Architecture & Approach
- End-to-end fine-tuning of VLM to generate robot actions as tokens.
- Differs from modular methods (e.g., Octo) that stitch separate encoders/decoders.
- Vision features are obtained by encoding the same input image with both SigLIP and DINOv2, then channel-wise concatenated and passed through an MLP projector. This preserves SigLIP’s semantic alignment with language and DINOv2's spatial reasoning, giving the VLM richer multimodal context for manipulation tasks.
- Uses Prismatic VLM backbone with multi-resolution features (spatial reasoning + semantics).
Performance
- Outperforms closed RT-2-X (55B) by +16.5% task success with 7× fewer parameters.

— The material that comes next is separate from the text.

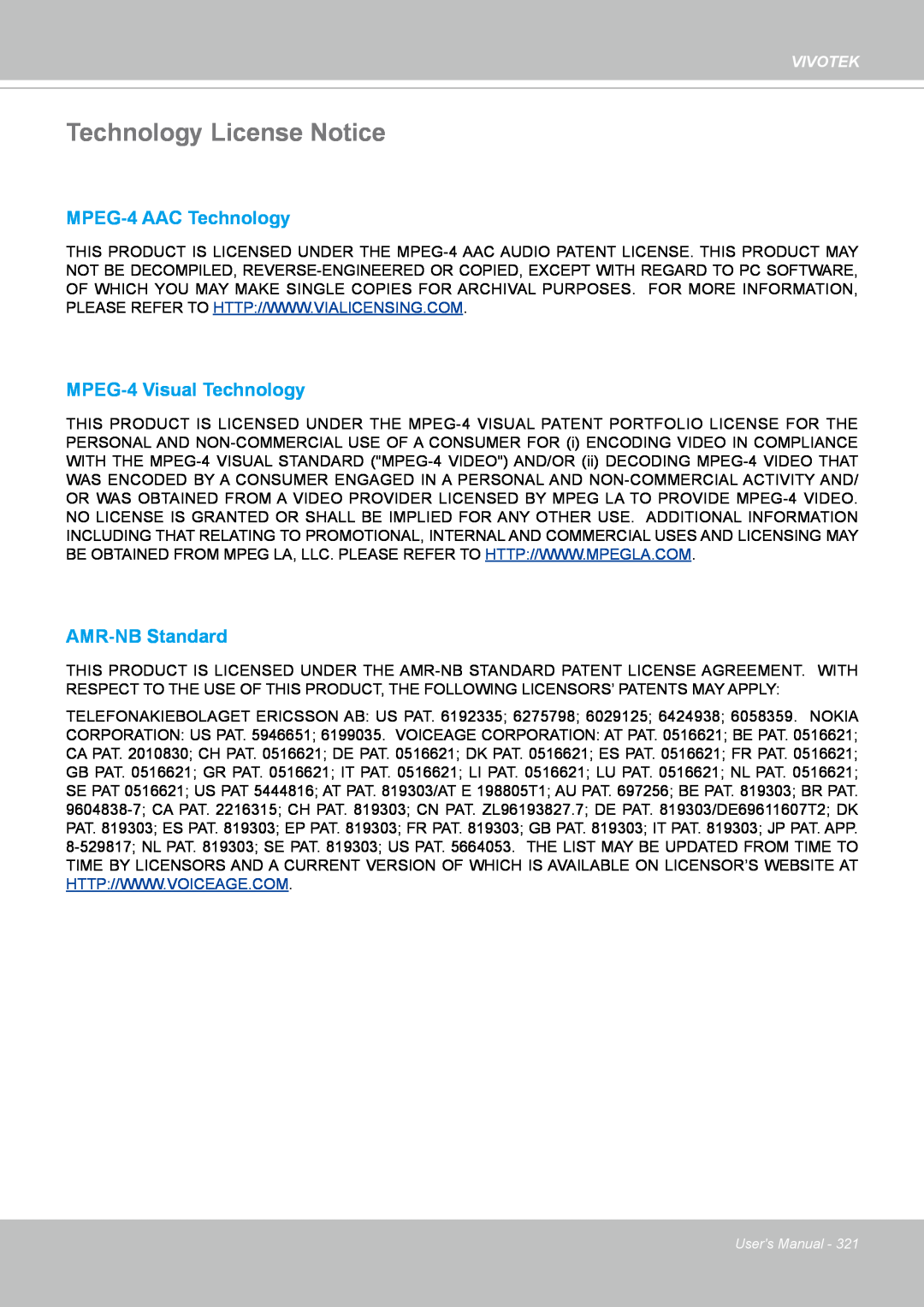Vivotek FD8167-(T) Technology License Notice, MPEG-4AAC Technology, MPEG-4Visual Technology, AMR-NBStandard, Vivotek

- Beats Diffusion Policy (from-scratch imitation learning) by +20.4% on multi-task language-grounded settings.
- Demonstrates robust behaviors (distractor resistance, error recovery).
Efficiency
- Introduces parameter-efficient fine-tuning:
- LoRA updates only 1.4% of parameters yet matches full fine-tuning.
- Can fine-tune on a single A100 GPU in ~10–15 hours (8× compute reduction).
- Quantization:
- 4-bit inference matches bfloat16 accuracy while halving memory footprint.
- Runs at 3Hz on consumer GPUs (e.g., A5000, 16GB).
Evaluations
- Tested across 29 tasks and multiple robots (WidowX, Google robot, Franka).
- Strong generalization on:
- Visual (unseen backgrounds/distractors).
- Motion (new object positions/orientations).
- Physical (new object shapes/sizes).
- Semantic (unseen tasks, instructions).
- First generalist open-source VLA achieving ≥50% success rate across all tested tasks.
Design Insights
- Fine-tuning the vision encoder (vs. freezing) crucial for robotic control.
- Higher image resolution (384px vs. 224px) adds 3× compute without performance gains.
- Training required 27 epochs, far more than typical VLM runs, to surpass 95% action token accuracy.
Limitations & Future Work
- Supports only single-image observations (no proprioception, no history).
- Inference throughput (~6Hz on RTX 4090) insufficient for high-frequency control (e.g., ALOHA at 50Hz).
- Success rates remain below 90% in challenging tasks.
- Open questions:
- Impact of base VLM size on performance.
- Benefits of co-training with Internet-scale data.
- Best visual features for VLAs.
Contributions
- First open-source generalist VLA with strong performance.
- Scalable end-to-end training pipeline (action-as-token).
- Demonstrates LoRA + quantization for consumer-grade GPU adaptation.
- Provides code, checkpoints, and data curation recipes to support future research.
Ref
- Kim, M. J., Pertsch, K., Karamcheti, S., Xiao, T., Balakrishna, A., Nair, S., Rafailov, R., Foster, E. P., Sanketi, P. R., Vuong, Q., Kollar, T., Burchfiel, B., Tedrake, R., Sadigh, D., Levine, S., Liang, P., & Finn, C. (2025). OpenVLA: An Open-Source Vision-Language-Action Model Proceedings of The 8th Conference on Robot Learning, Proceedings of Machine Learning Research.
https://proceedings.mlr.press/v270/kim25c.html